WORK REQUIRED —
Among the entries that follow, locate the line with "Woodend, Esher, KT10" and the line with "Used 2021 Toyota". Output those lines and all lines in between, exactly, minus the pictures.

INFORMATION PROVIDED —
>>>>
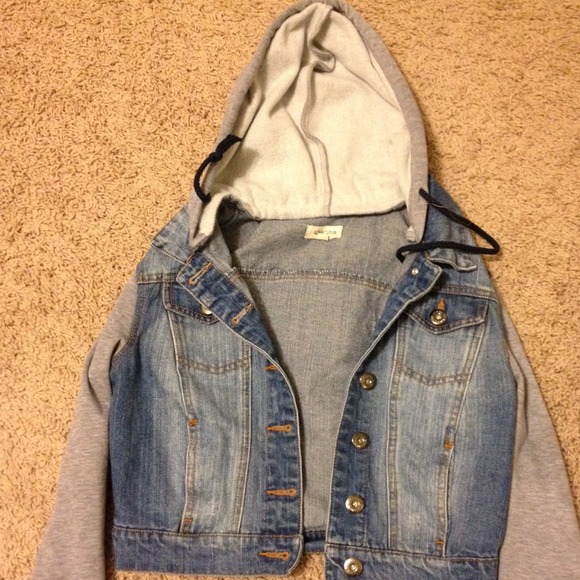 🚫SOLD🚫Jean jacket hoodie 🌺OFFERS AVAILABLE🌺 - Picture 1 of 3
<<<<
>>>>
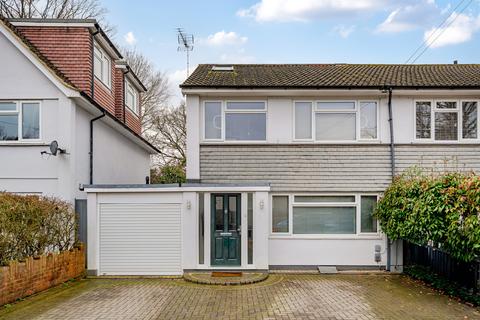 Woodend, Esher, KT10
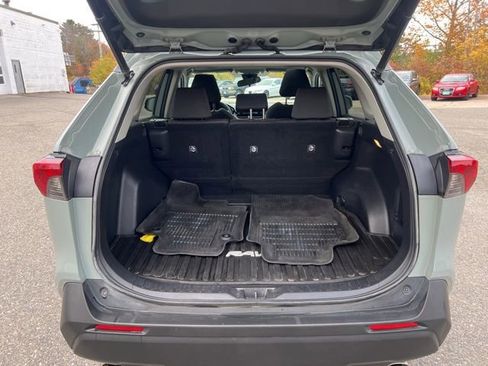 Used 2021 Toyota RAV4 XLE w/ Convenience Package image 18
<<<<
EXPECTED OUTPUT —
 Woodend, Esher, KT10
 Used 2021 Toyota RAV4 XLE w/ Convenience Package image 18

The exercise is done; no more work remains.